US gold futures extended previous losses early on Tuesday, hit by light speculative liquidation as traders shrugged off a strike by gold miners in South Africa and waited for an expected rise in interest rates later in the session which could bolster the dollar.
"We already know what's going to happen later today, so we're just seeing some fund buying.

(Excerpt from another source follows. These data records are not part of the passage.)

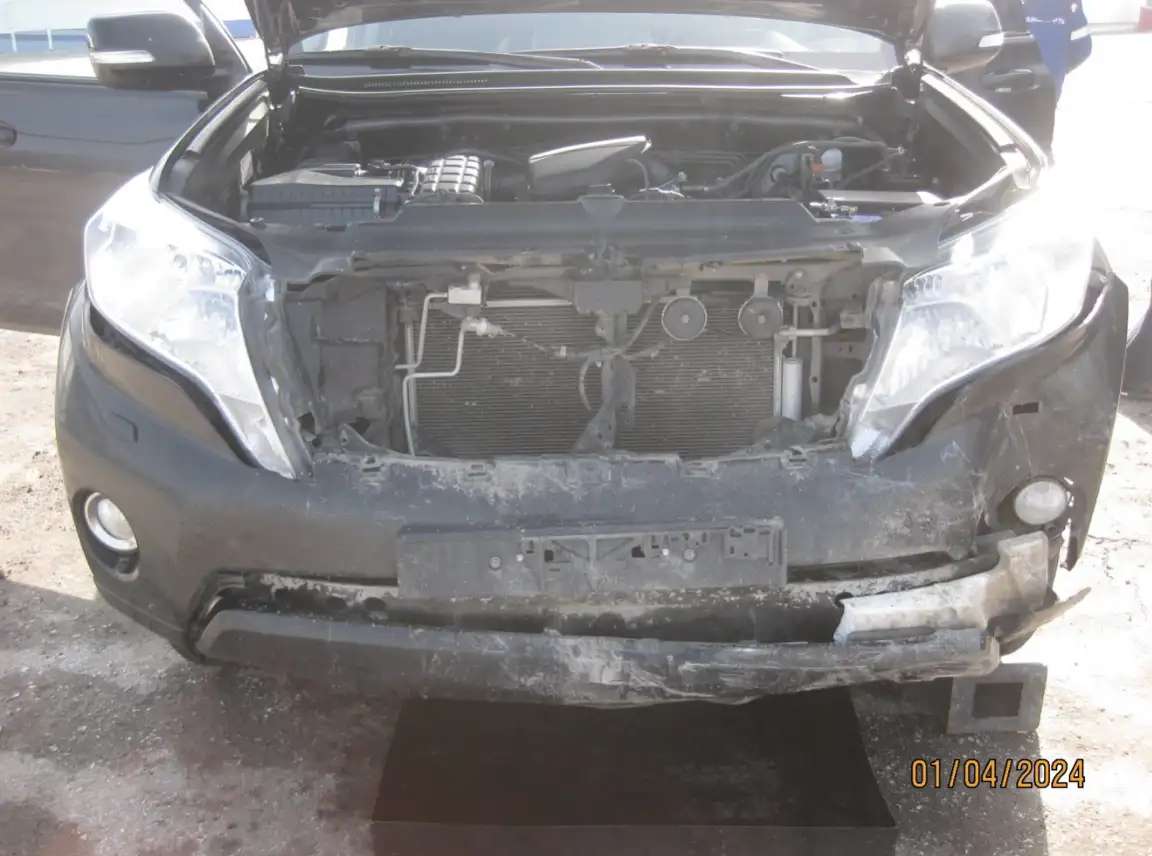 АО Связьтранснефть реализует автомобиль Toyota Land Cruiser Prado.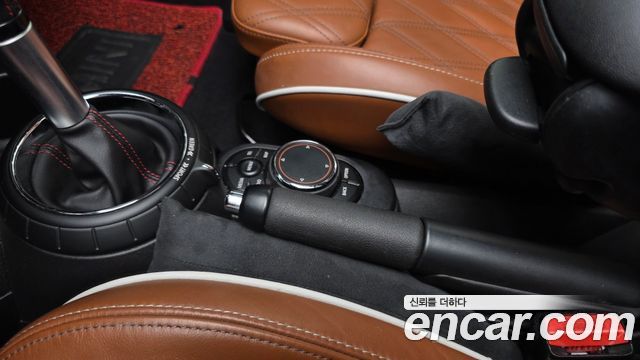 MINI Cooper S Convertible Standard 3rd 2016 — фото 24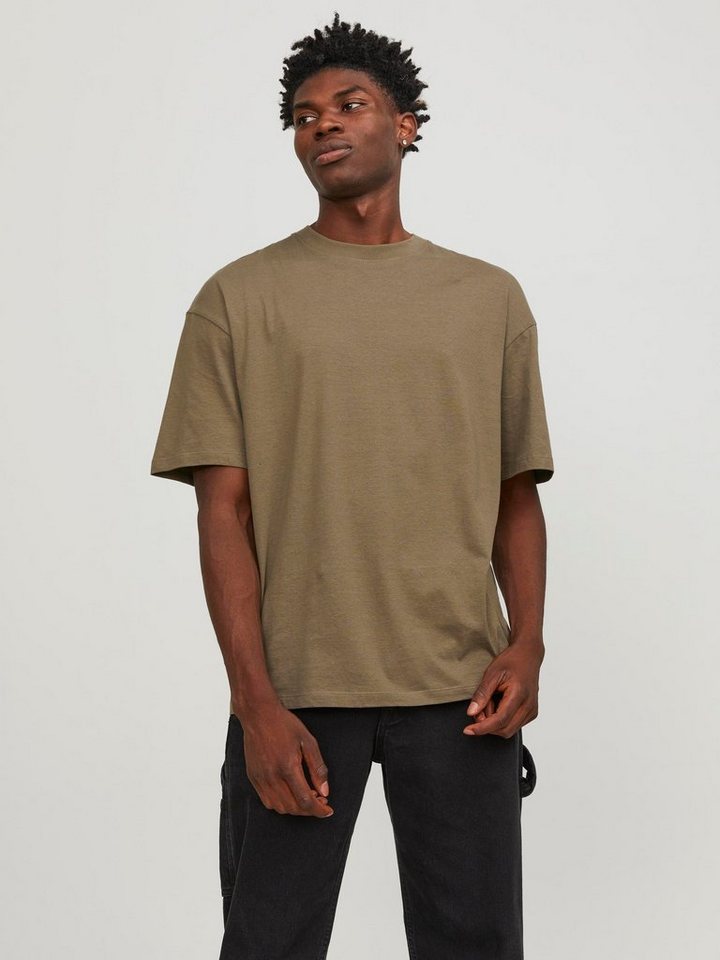 Jack & Jones Oversize-Shirt JJEBRADLEY Oversize T-Shirt mit klassischem Rundhalsausschnitt mit gekämmten Jersey von Jack & Jones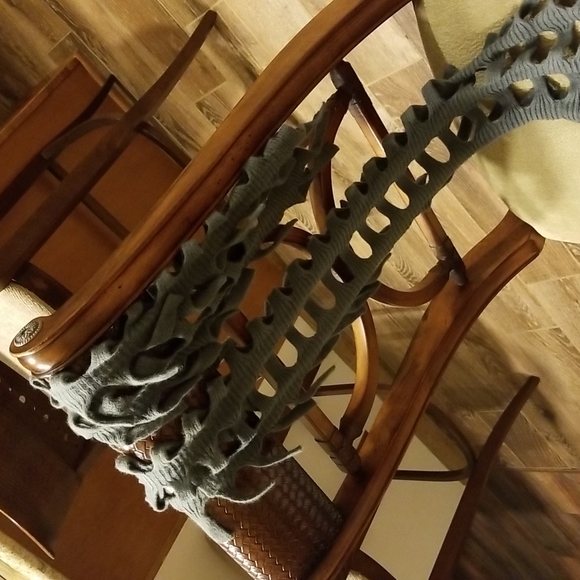 Grey Knit Scarf - Picture 9 of 11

And speculative selling is keeping a little pressure on us early on," said one floor dealer.
By 10:09 am EDT (1409 GMT), gold for December delivery fell $1.50 to $438.80 an ounce on the New York Mercantile Exchange's COMEX division, dealing between $438.40 and $441.30.

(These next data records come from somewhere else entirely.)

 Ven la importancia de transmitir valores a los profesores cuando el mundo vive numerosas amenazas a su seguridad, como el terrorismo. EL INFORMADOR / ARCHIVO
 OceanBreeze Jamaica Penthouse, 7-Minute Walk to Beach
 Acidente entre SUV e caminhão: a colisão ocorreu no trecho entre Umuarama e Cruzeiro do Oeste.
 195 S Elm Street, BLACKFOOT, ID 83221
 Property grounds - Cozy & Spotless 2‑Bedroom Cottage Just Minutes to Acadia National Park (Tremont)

Spot gold last brought $433.15/3.85 an ounce, down a shade from Monday's New York close at $434.60/5.40. Tuesday's afternoon fix in London was at $433.30.
In other news, strong investment demand has dominated the gold market through the first half of the year, though interest has waned since the first quarter when physical demand buoyed gold prices close to 2004's 16-year high, commodities consultant CPM Group said on Tuesday.

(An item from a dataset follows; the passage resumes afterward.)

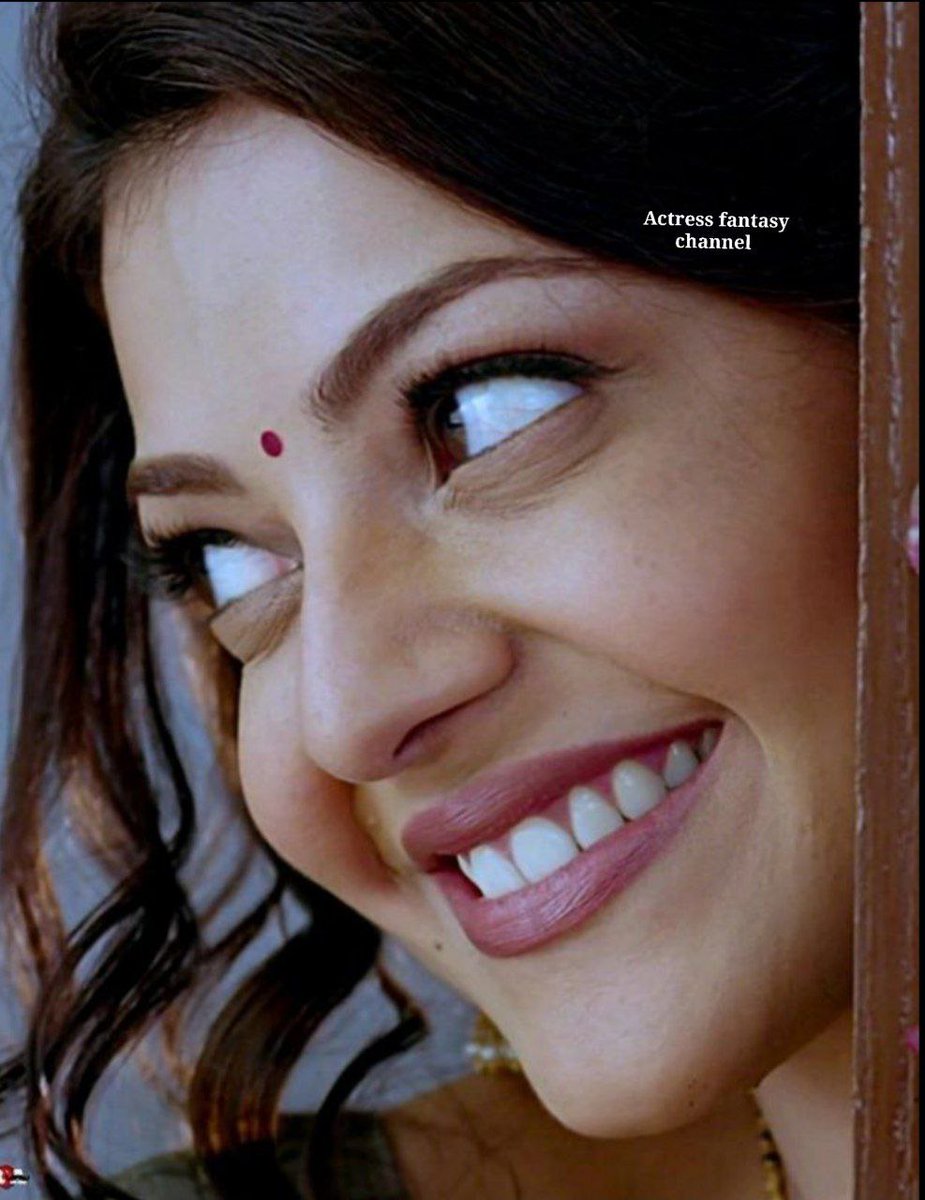 Kajalmylife1's tweet photo. Her smile 😍
#kajalaggarwal @MsKajalAggarwal https://t.co/Y5cI2ZB1P9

CPM's Gold Survey 2005 report forecast that the yellow metal price would average $434 an ounce this year, up 5.9 percent from 2004's average of $410.05, based upon the nearby contract in US gold futures.
IFR Markets analyst Tim Evans pegged technical resistance in COMEX December futures at $445 and $446 followed by $451, with downside support seen starting at $436.40 and $432.70.
COMEX September silver was off 4.0 cents at $6.975 an ounce, just off the bottom half of its early $6.960 to $7.05 trading range.
Spot silver eased to $6.95/6.98, from the prior close at $6.96/7.01.
On the board at NYMEX, October platinum rose $4.80 to $907 an ounce. Spot platinum reached $901/905.
September palladium fell $1.50 to $188.50 an ounce. Spot last was at $186/190.